A los pocos minutos, el hombre se había reanimado y aguardaba feliz la llegada de una ambulancia mientras comía un bocadillo. Entonces nos enteramos de que sólo hablaba español, no tenía dinero y había estado deambulando hambriento por las calles de Manhattan hasta acabar desmayándose en las escaleras del metro.

¿Qué fue lo que marcó la diferencia? Obviamente, el simple hecho de detenerme y prestar atención, lo que pareció despertar a los transeúntes de su trance urbano, captar su atención y movilizarles a la acción.

Qué duda cabe de que, en nuestro camino de regreso a casa, todos nos hallábamos, de un modo u otro, sometidos a los estereotipos silenciosos derivados de los centenares de vagabundos que, lamentablemente, pueblan las calles de Nueva York y de tantos otros centros urbanos modernos. Y es que los urbanitas acabamos enfrentándonos a la ansiedad que genera ver a alguien en una situación tan terrible desarrollando el reflejo de desviar nuestra atención hacia otra parte.

Creo que, en este sentido, mi propio reflejo se había visto afectado por un artículo que acababa de escribir para el New York Times sobre el efecto que el cierre de los hospitales psiquiátricos había provocado, convirtiendo las calles de la ciudad en una extensión del pabellón psiquiátrico. Para informarme sobre el tema había pasado varios días en una furgoneta con trabajadores sociales que se ocupaban de los vagabundos, llevándoles comida, ofreciéndoles refugio y persuadiendo a los muchos enfermos mentales que hay entre ellos –una proporción sorprendentemente elevada– de la necesidad de acudir a la clínica en busca de medicación. Ésa fue una experiencia que me permitió, durante unos días, contemplar a los vagabundos con ojos nuevos.

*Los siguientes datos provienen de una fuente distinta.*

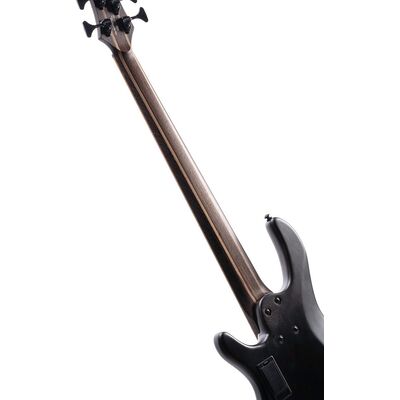 Cort B5 Element OPBR​​ elektromos basszusgitár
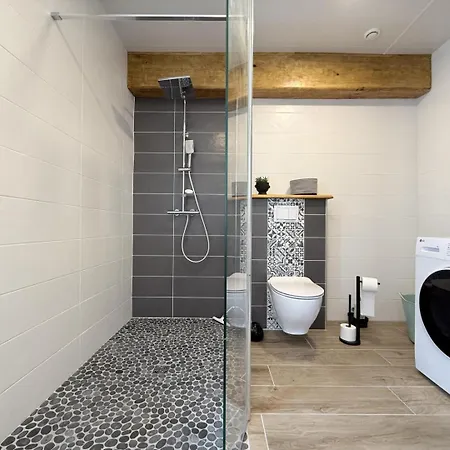 Gliget Ferienhaus Lourdios-Ichere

Otros estudios que han empleado también el paradigma del “buen samaritano” han puesto de relieve que las personas que se detienen a ayudar suelen hacerlo motivados por el malestar que esa situación les provoca y por una sensación empática de ternura. 3Y es que parece que la probabilidad de prestar ayuda aumenta cuando prestamos la atención suficiente como para sentir empatía.

Solamente ver a alguien echando una mano suele tener un efecto “edificante”, término con el que los psicólogos se refieren al efecto que provoca en nosotros la observación de un acto bondadoso. Esa inspiración es, de hecho, el estado que dicen experimentar emocionados –y aun conmocionados– quienes presencian una acción amable, tolerante y compasiva.